What you need to do:
Please retype only the lines below that run from the one containing "Passenger showing train ticket" through the last line, both included, without altering a word.

[[ Provided data open ]]

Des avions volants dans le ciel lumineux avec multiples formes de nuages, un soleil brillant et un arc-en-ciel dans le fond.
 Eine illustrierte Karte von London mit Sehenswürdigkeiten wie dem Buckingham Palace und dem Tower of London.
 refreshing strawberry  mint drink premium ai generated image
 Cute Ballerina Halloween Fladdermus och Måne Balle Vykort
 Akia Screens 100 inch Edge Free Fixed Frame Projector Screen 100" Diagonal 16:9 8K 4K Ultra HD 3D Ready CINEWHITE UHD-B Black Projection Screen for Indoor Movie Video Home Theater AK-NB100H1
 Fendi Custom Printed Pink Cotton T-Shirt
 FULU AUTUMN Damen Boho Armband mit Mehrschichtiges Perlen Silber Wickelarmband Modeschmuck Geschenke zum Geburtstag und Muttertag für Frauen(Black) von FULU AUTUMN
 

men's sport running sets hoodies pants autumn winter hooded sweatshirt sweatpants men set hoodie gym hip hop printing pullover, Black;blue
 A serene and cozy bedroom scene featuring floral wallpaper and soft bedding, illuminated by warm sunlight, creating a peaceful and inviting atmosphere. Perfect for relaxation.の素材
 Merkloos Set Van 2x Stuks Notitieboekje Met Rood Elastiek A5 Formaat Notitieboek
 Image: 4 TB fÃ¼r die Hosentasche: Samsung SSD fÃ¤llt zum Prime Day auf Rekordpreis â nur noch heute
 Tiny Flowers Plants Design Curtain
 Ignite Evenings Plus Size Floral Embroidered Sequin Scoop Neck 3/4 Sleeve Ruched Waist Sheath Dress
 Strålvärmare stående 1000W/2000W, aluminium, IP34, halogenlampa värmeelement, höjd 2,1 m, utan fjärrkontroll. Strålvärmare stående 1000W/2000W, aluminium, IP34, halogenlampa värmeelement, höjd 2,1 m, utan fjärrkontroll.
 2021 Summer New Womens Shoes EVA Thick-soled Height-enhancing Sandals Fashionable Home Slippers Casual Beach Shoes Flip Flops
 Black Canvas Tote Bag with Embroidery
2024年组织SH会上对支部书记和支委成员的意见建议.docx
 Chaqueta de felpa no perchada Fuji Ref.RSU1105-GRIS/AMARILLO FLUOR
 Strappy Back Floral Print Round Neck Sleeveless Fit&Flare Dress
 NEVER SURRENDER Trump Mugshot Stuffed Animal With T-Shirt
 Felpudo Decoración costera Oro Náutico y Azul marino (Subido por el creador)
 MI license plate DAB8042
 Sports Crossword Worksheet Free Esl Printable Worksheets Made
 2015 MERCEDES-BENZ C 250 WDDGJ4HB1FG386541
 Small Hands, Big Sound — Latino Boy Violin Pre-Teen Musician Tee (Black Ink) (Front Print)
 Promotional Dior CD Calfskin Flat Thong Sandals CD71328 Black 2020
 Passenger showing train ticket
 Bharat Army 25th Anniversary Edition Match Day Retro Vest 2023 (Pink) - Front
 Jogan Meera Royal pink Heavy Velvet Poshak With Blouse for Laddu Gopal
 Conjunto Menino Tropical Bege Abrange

[[ Provided data closed ]]

Task response:
 Passenger showing train ticket
 Bharat Army 25th Anniversary Edition Match Day Retro Vest 2023 (Pink) - Front
 Jogan Meera Royal pink Heavy Velvet Poshak With Blouse for Laddu Gopal
 Conjunto Menino Tropical Bege Abrange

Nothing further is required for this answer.